You should configure with --without-memory-manager and then you won't
have this problem.
> So on the machine HP PA-Risc , I can start the procedure
> "lamboot"
> and connect to another PA-Risc HP. However for the machine HP
> multiprocessor, it tells me that it boots but the call back doesn't
> work. I attach hereby the file containing the error message.
See below.
> [snip]
> n-1<1698> ssi:boot:base: looking for boot schema file:
> n-1<1698> ssi:boot:base: hostfile
> n-1<1698> ssi:boot:base: found boot schema: hostfile
> n-1<1698> ssi:boot:rsh: found the following hosts:
> n-1<1698> ssi:boot:rsh: n0 nanopus (cpu=1) n-1<1698> ssi:boot:rsh:
> n1 hudson (cpu=1) n-1<1698> ssi:boot:rsh: resolved hosts:
> n-1<1698> ssi:boot:rsh: n0 nanopus --> 125.1.5.218 (origin)
> n-1<1698> ssi:boot:rsh: n1 hudson --> 125.1.7.17
> [snip]
> n-1<1698> ssi:boot:rsh: starting on n0 (nanopus): hboot -t -c
> lam-conf.lamd -d -v -I -H 125.1.5.218 -P 49939 -n 0 -o 0
> n-1<1698> ssi:boot:rsh: launching locally
> [snip]
> hboot: attempting to execute [1] 1701 lamd -H 125.1.5.218 -P
> 49939 -n
> 0 -o 0 -d
> n-1<1698> ssi:boot:rsh: successfully launched on n0 (nanopus)

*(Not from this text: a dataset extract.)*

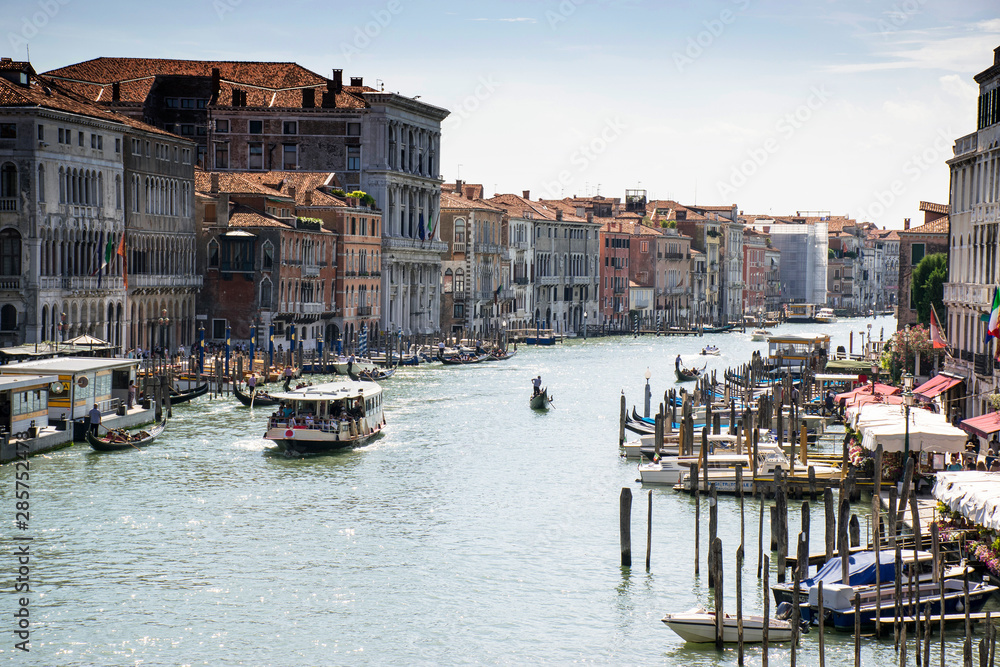Venezia, 17 agosto 2019 16:00. Simbolo del più illustre della città di Venezia (e d'Italia), spicca il campanile di San Marco, isolato, con i suoi 98,6 metri di altezza.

> n-1<1698> ssi:boot:base:server: expecting connection from finite list
> ----------------------------------------------------------------------
> -------
> The lamboot agent timed out while waiting for the newly-booted process
> to call back and indicated that it had successfully booted.
> [snip]
What is truly odd here is that the lamd that lamboot is waiting for
is the *local* lamd.
Did you check that you have no TCP filtering / firewall software
running?
--
Jeff Squyres
Cisco Systems
|